» EXERCISE OBJECTIVE
From the data below, retype exactly the lines starting with the one that contains "کلسی فید دنیا" and ending with the one that contains "2023年，品牌增长不可缺少的四个消费者研究新方法", both included.

» TASK DATA
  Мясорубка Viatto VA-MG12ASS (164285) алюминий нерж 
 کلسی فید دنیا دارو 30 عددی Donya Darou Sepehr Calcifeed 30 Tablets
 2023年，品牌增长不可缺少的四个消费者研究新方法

==

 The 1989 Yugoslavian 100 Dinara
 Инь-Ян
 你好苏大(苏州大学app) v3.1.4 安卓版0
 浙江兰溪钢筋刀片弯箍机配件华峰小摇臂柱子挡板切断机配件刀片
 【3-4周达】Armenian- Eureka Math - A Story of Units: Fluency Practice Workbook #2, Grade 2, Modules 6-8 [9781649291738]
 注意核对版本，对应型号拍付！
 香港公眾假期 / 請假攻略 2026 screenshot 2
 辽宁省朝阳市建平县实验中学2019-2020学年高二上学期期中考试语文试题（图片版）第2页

* * *

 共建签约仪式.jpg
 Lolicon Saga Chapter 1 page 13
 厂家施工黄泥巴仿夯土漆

» THE COMPLETED TASK
 کلسی فید دنیا دارو 30 عددی Donya Darou Sepehr Calcifeed 30 Tablets
 2023年，品牌增长不可缺少的四个消费者研究新方法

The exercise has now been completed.